Apressei-me em consertar as coisas, o que me parece vem de longa data, dizendo: ora Luis Carlos, ele não é tão velho assim!

Foi quando, assertivo, Luiz Carlos de lá emendou: É sim! Tia Alice me falou.

O intrincado de casamentos entre parentes, à moda das famílias reais, que eu saiba  não resultou, entre os Melos, nos problemas decorrentes da consanguinidade.

O mesmo eu não poderia dizer com relação a facilidade de compreender os laços decorrentes de algumas uniões.

A propósito, conta-se que tio Tonho, ao enviuvar pela segunda vez, decidira não voltar a casar. Certo dia, estando sentado à frente da sua casa, apareceu-lhe o seu melhor amigo, que dirigindo-se a ele, explicou que viera lhe pedir um favor.

Solícito, meu tio foi logo respondendo: diga lá o que é, porque você sabe, amigo é para essas coisas, e seja lá o que for quero mais é lhe atender.

E o amigo foi direto ao ponto: vim lhe pedir para você casar com a minha filha Dalia.
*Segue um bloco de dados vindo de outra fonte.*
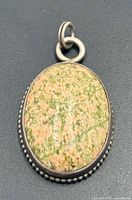 Front view of oval Unakite pendant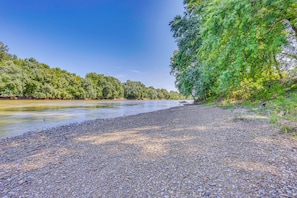 A pebbled riverbank with dense greenery on one side and a clear blue sky.
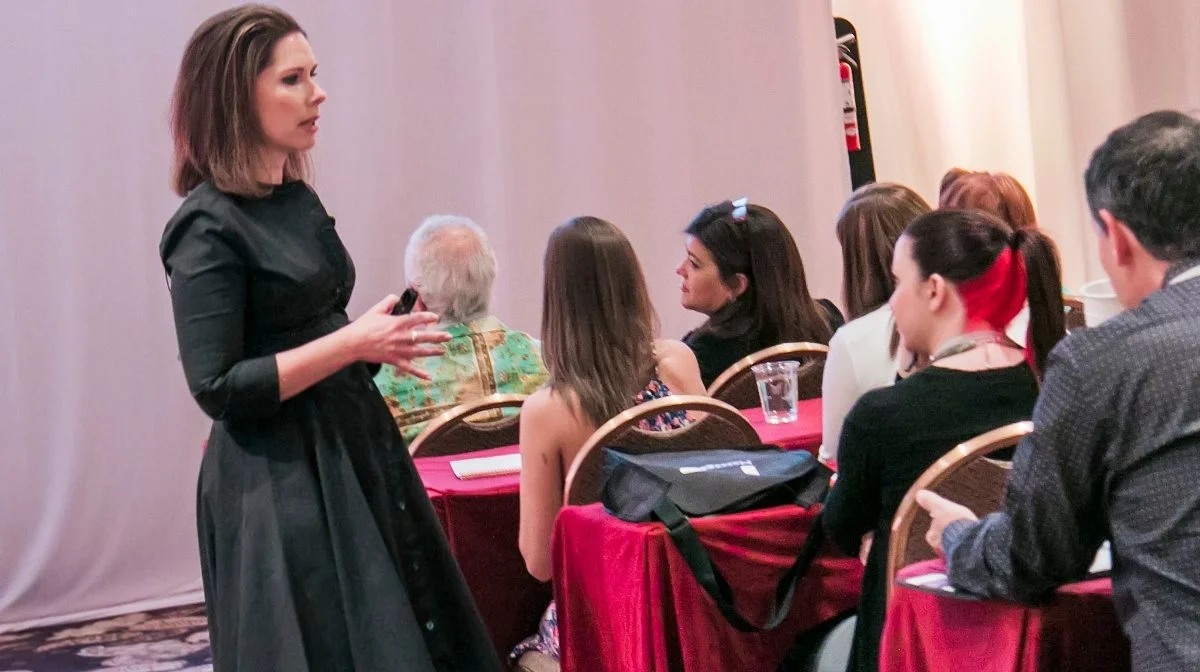 A woman standing and speaking to an audience of mostly women at a conference or seminar.
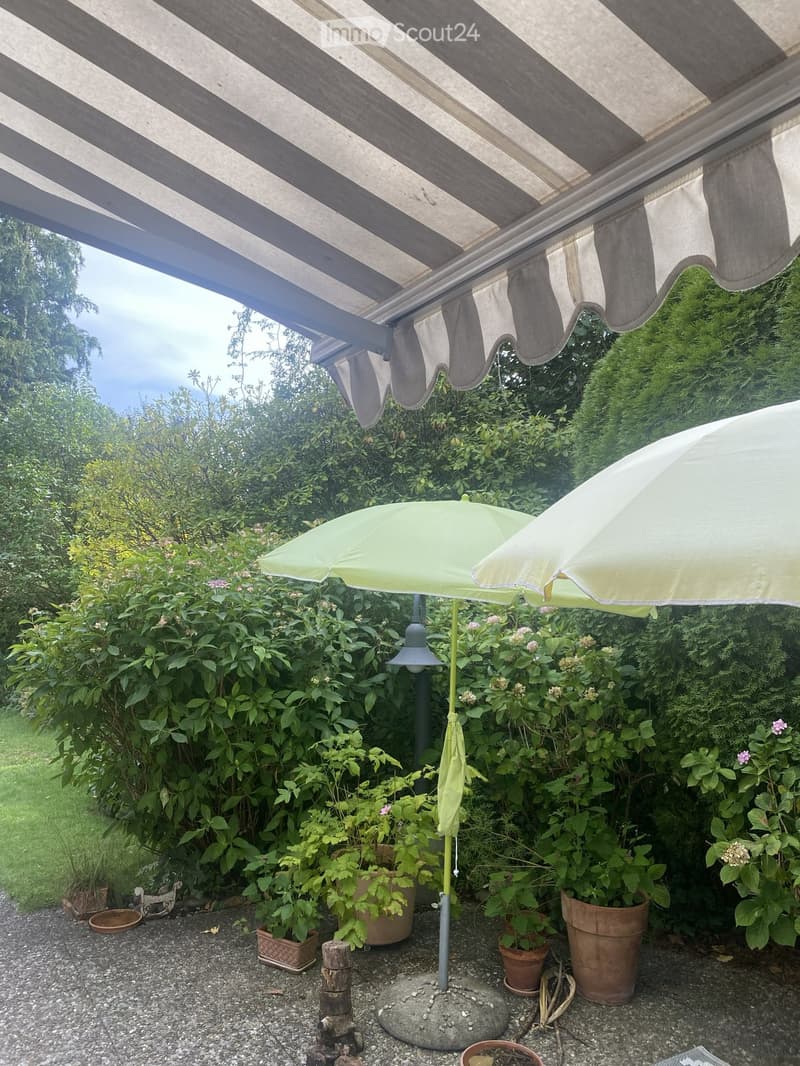 A shaded outdoor area with a striped awning, potted plants, and two large umbrellas, surrounded by lush greenery and a gravel ground.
A precipitação do tio Tonho, e o rigor dos antigos em cumprir a palavra dada, costume que depois cairia em desuso, levou mais um ancião a casar com um brotinho.

Como Dalia tinha uma irmã, Dodó, quis o destino que ela viesse a se engraçar por Antônio de Melo Filho (Toinho), filho do tio Tonho!

Cuidado então para não se perder nas minhas palavras, pois duas irmãs casaram uma com o pai, a outra com o filho.

Assim, o filho tornou-se concunhado do próprio pai, e os filhos que com Dodó ele teve, passaram a ser sobrinhos do próprio avô. Quanto à madrasta do Toinho, era também a sua cunhada e quanto à sua mulher, tornou-se cunhada do próprio sogro!

A madrinha de  todos nós, Dodó, recentemente faleceu às vésperas de completar 100 anos. Com ela, foram-se todos os velhos antigos. Um pouco mais, e com sorte já teremos os novos velhos. 

As terras herdadas pelos netos do meu tio avô, mudaram as dimensões dos sítios que aumentaram em quantidade, porque diminuíram em tamanho. Viraram chácaras ou até grandes terrenos, e em lugar das cercas de arame ou cercas vivas, hoje há muros altos. 

Nas janelas da casa grande, ainda estão impressos, os buracos de bala da Revolta ou Sedição do Juazeiro, ocorrida em 1914. Naquela ocasião as tropas do Padre Cícero, então intendente do Juazeiro (prefeito), o qual depois se tornaria vice-governador do estado, terminaria por depor Marcos Franco Rabelo, comandante das tropas que a ele se opunham. 

Os sinais do passado porém, até mesmo as efêmeras marcas de tiros desses combatentes, não tardarão a desaparecer. 

Quase nada mais resta da atmosfera daquele tempo, que só continua a existir na lembrança de quem ali foi feliz.